# 11 season band drought ended!



## Garyoutlaw77 (Feb 3, 2005)

Well after 11 seasons I got my first Duck band & my buddy got his first Black Duck in the same day


----------



## beatsworkin (Apr 12, 2004)

Nice pile of birds, what county where you in? I've seen a ton of black ducks around here on the non huntable wetlands.

There were more than 2 of you hunting, right?! Congratulations on the band, I got my second last year at Deer Creek, was banded in Ontario about half way between the north shore of Erie and James Bay and was hatched the same years as banded.


----------



## Garyoutlaw77 (Feb 3, 2005)

4 guys 11 Drakes 2 Blacks could have whacked a ton but waited for the drakes and passed on a pile of the jack's & hens - Licking co.


----------



## beatsworkin (Apr 12, 2004)

Nice! Those types of hunts don't happen often enough for me. I really like the black ducks, I never really see them much other than on the small creeks and off-limit wetlands around here. 

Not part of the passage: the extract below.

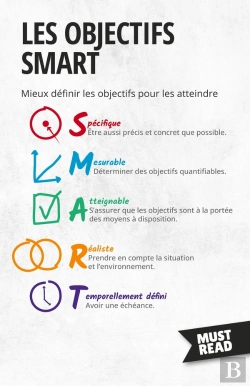 Bertrand.pt - Les Objectifs Smart : Mieux Définir Les Objectifs Pour Les Atteindre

Maybe tomorrow is the day that something other than just mallards come to my pond/wetland.


----------



## freyedknot (Apr 10, 2004)

nice bunch of ducks you have there. is the y launch still open? heard it was closing. or did you launch at macky ford wildlife area? i like the duck goose field by the racetrack.


----------



## Garyoutlaw77 (Feb 3, 2005)

Not hunting public along Scioto - water looks good though


----------